I know it varies greatly based on the invidual system's configuration, but aren't any tutorials I've found that have a sample system as an example and say something like "this server has 4 disks in a raid 5 array so a good avgqu-sz value from iostat should be between <whatever>"
I feel like many of the tutorial I've found assume a knowledge of system internals and monitoring I do not already have.
Could you recommend a good starting point?
Thanks for any responses.
- Join Date
- Apr 2009
- I can be found either 40 miles west of Chicago, in Chicago, or in a galaxy far, far away.
This subject is why I get paid a six-figure (USD) salary by one of the biggest companies in the world! The simple answer is that there are a LOT of resources on the internet to help you with this, but the basic stuff for Linux systems is the sysstat package. That can provide a lot of data on how your system is performing with regard to CPU, I/O, network and other usages. There are also other tools to use than can provide a nice view into how the system is acting, such as Ganglia. FWIW, sysstat and Ganglia simple look at the data in /proc on a periodic basis and then record and/or display that for the user.
As for your specific questions, I have to say that what is "good" vs. "bad" depends upon WAAAAY too many factors to go into here. I have spent many years gaining this knowledge, and even now a lot is due to gut reactions given the system configuration, usage factors, etc. I am in the process of developing serious mathematical models that will allow us to determine when our systems are mis-behaving by monitoring in real time many different factors. A lot of that math is from my engineering background, utilizing things like Kalman filters on the data provided by sysstat, as well as other local factors. Not a subject for the novice or those without suitable background in statistical analysis and calculus.

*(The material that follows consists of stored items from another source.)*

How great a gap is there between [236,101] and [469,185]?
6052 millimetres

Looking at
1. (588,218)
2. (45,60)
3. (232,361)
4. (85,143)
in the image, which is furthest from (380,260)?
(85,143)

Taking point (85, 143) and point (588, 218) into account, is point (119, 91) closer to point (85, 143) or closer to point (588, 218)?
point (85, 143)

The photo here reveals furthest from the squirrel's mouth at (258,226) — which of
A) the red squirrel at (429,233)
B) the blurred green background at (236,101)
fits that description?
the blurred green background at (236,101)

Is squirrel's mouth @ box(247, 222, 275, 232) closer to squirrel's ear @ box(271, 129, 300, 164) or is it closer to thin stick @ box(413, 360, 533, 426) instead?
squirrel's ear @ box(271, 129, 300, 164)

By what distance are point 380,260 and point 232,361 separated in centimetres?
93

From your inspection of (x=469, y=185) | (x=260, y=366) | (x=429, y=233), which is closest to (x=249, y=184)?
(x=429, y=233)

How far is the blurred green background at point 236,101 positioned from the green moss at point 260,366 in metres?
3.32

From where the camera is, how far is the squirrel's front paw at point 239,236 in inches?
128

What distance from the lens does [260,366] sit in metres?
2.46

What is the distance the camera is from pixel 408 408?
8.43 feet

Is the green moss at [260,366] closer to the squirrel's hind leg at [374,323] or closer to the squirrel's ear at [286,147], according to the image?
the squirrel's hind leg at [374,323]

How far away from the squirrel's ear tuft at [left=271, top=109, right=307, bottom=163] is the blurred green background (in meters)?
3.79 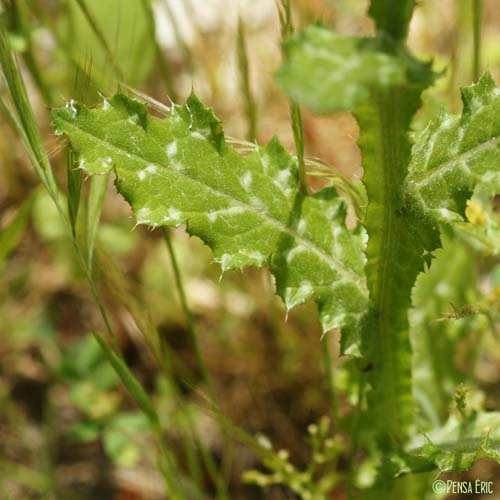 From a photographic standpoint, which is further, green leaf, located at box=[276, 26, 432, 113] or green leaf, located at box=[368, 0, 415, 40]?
green leaf, located at box=[368, 0, 415, 40]

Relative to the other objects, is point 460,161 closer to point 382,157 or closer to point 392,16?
point 382,157

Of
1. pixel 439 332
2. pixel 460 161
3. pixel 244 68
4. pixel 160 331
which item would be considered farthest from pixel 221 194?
pixel 160 331

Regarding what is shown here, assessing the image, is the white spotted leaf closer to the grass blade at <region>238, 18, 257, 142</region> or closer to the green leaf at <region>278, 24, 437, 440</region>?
the green leaf at <region>278, 24, 437, 440</region>

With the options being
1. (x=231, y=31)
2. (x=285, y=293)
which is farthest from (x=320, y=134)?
(x=285, y=293)

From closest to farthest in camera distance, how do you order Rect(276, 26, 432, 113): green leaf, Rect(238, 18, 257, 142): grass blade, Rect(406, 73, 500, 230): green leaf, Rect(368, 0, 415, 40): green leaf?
Rect(276, 26, 432, 113): green leaf
Rect(368, 0, 415, 40): green leaf
Rect(406, 73, 500, 230): green leaf
Rect(238, 18, 257, 142): grass blade

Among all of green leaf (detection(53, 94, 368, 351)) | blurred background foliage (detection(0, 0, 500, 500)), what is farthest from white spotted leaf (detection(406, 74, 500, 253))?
blurred background foliage (detection(0, 0, 500, 500))

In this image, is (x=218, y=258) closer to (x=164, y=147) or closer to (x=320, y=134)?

As for a starting point, unless you have a really strong engineering background and in-depth knowledge of the Linux system, then stick with packaged solutions. There are some really good ones out there, both open source (like Ganglia, Nagios, and sysstat) as well as proprietary monitoring tools. You just have to decide which provides the features that will help you the most. Bear in mind that proprietary tools like HP-Unicenter are very pricey, whereas opensource tools like Nagios and Ganglia provide a lot of the same functionality at a much lower price point. The main difference is support, and how much you are willing to learn on your own.Sometimes, real fast is almost as good as real time.
Just remember, Semper Gumbi - always be flexible!